Bug #71210 MEM: server - Improve visibility of state changes and problems/recovery
Submitted: 23 Dec 2013 8:40 Modified: 26 Feb 2014 10:45
Reporter: Simon Mudd (OCA) Email Updates:
Status: Verified Impact on me:
None 
Category:MySQL Enterprise Monitor: Web Severity:S3 (Non-critical)
Version:3.0.4 OS:Any
Assigned to: CPU Architecture:Any

[23 Dec 2013 8:40] Simon Mudd
Description:
On a development Enterprise monitor server the setup ran out of disk space. This obviously is the fault of the person who installed it (me). I resolved the problem by adding more and restarted MEM. As might be expected on startup the different agents are shown as being down so there's a lot of "red" on the dashboard indicating issues. This is to be expected.  On startup the load on the dashboard is very high, and on the server concerned it takes quite a while to get up and running again.

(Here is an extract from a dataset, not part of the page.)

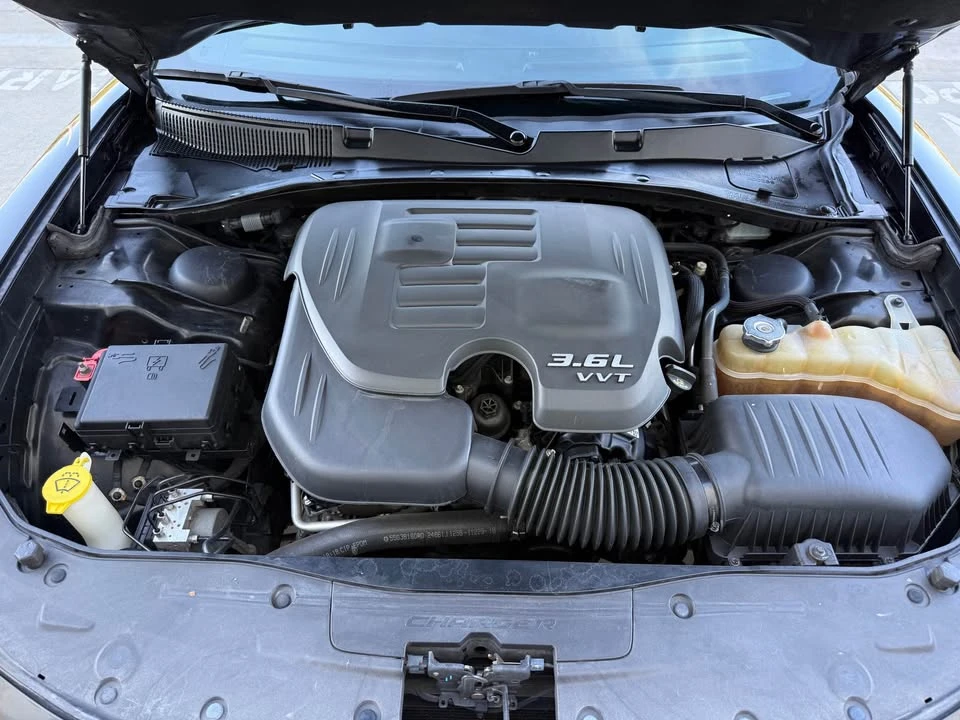 2016 Dodge Charger 7th Gen - Image 12 of 12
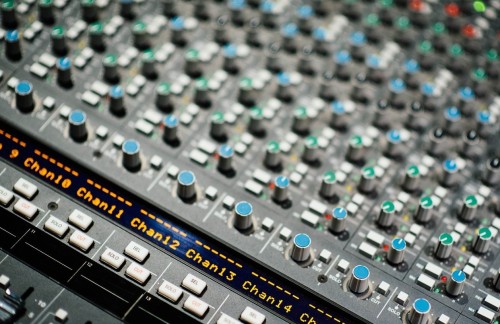 musica-elettronica_crop_crop.jpg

However, as the agents start to report in it is very hard to see the recovery process, that is see state changes where for example you see that the agent is reported down but then see that it is up, and the same for the "database" connections each agent manages.

This makes it hard to determine if MEM is really recovering or not. All you can see are a lot of errors and you have to wait for the screen to refresh and hope that the number of errors goes down.

How to repeat:
see above.

Suggested fix:
There are log files (visible from the MEM dashboard) but they can not be easily queried to see this.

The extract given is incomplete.